ENEOSホールディングスは、2040年長期ビジョンを策定し、「アジアを代表するエネルギー・素材企業」への成長を目指すと同時に、「低炭素・循環型社会への貢献」を掲げている。

具体的には、環境ビジョンとして、2030年に約1000万トンのCO2削減を目指すほか、2040年には自社排出分のカーボンニュートラルを目指すことを打ち出した。

その実現に向けて、当社は、次世代エネルギーとして期待される水素について、燃料電池自動車向け水素ステーションの整備や、CO2フリー水素の製造・貯蔵・輸送等の技術開発を進め、また、再生可能エネルギーについては、メガソーラーはもちろんのこと、洋上風力プロジェクトにも参画した。このほか、米国ではCO2排出抑制と原油増産を両立するCO2-EOR(石油増進回収法)、金属のリサイクルなど、幅広いイノベーションを推進している。主な取り組みは次のとおり。

■ 水素

当社グループのENEOSは、燃料電池自動車や燃料電池バスなどのモビリティー分野における低炭素化に貢献するため、水素ステーション事業を推進している。現在では四大都市圏(首都圏、中京圏、関西圏、北部九州圏)を中心に、国内最多となる44カ所の水素ステーションを運営し、国内シェアの3割強を占めている(20年10月時点)。

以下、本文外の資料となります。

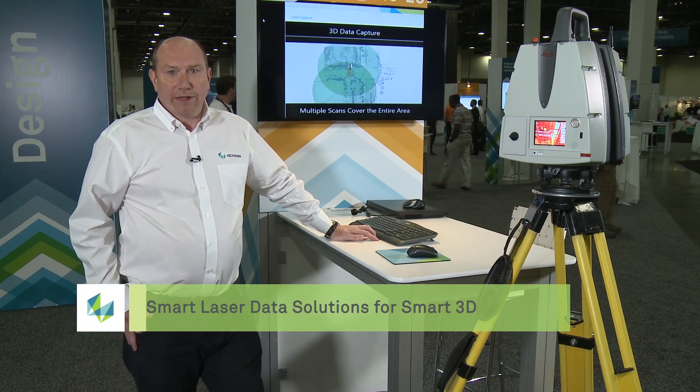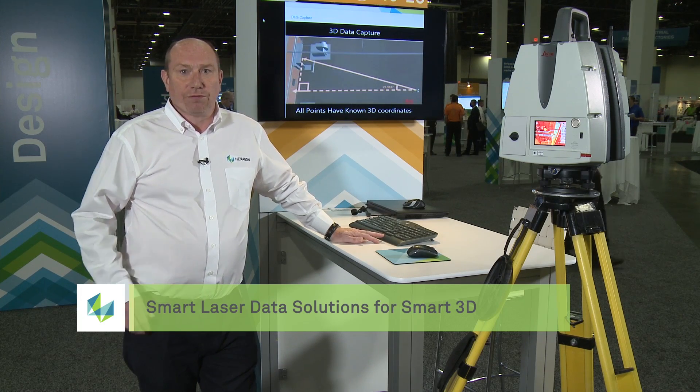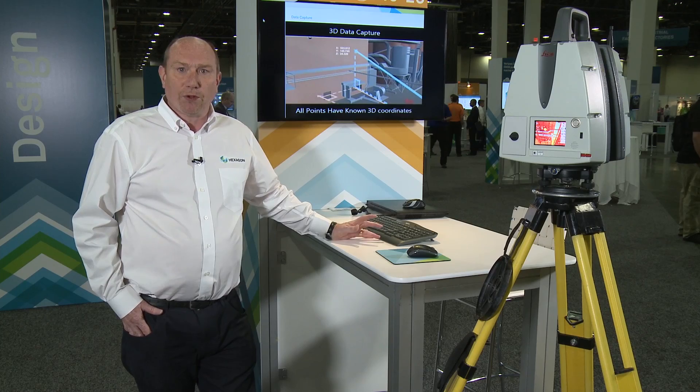So first of all, what is smart laser data? We're seeing so many challenges in the industry today, and we see more and more brownfield projects. As a consequence of that, we're using laser scanning to capture the as-built situation of the plant. What we want to do is capture those point clouds and make the laser data smart — in order to retrofit brownfield projects, make remote decisions for the plants, and also to communicate better across the wide variety of applications needed on the plant.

また、中長期的な低炭素社会の実現のため、CO2フリー水素の国際的なサプライチェーン構築に向けても積極的に取り組んでいる。例えば、豪州の褐炭から製造されたCO2フリー水素を低温で液化し、日本へ輸出する実証事業である技術研究組合「CO2フリー水素サプライチェーン推進機構」に参画しており、このほか、常温で液化する有機ハイドライドの開発にも取り組んでいる。

■ CO2-EOR

当社グループのJX石油開発は、従来、温室効果ガス排出削減を意図して油田の随伴ガス燃焼廃棄を抑制する事業をベトナムとアブダビで実現している。現在は一歩進めて、米国において、石炭火力発電所から排出されるCO2を分離・回収し、老朽油田に圧入することで、原油の飛躍的な増産とCO2の貯留を同時に実現する、Petra Nova CCUSプロジェクトを推進している。これは、世界最大規模で民間が商業ベースで推進するもので、今後も、環境負荷の低減とエネルギー資源の安定供給の両立を目指す。

■ 金属資源のリサイクル

当社グループのJX金属は、電気自動車などの環境車の急速な普及、これに伴うリチウムイオン電池(LiB)用金属資源の需要拡大、将来的な使用済みLiBの大量発生を踏まえ、車載用LiBのリサイクル技術を開発することで、同LiB用金属資源の確保と電気自動車の普及加速に貢献を目指す。10年から他社に先駆け、敦賀工場(福井県敦賀市)において、民生用LiBのリサイクル実証試験を国内最大規模で行っており、20年2月に次のステップとして、上記技術を基に、車載用LiBにフォーカスしたクローズドループ・リサイクルの技術開発を進めるべく、日立事業所(茨城県日立市)にベンチスケール設備を建設し、稼働を開始した。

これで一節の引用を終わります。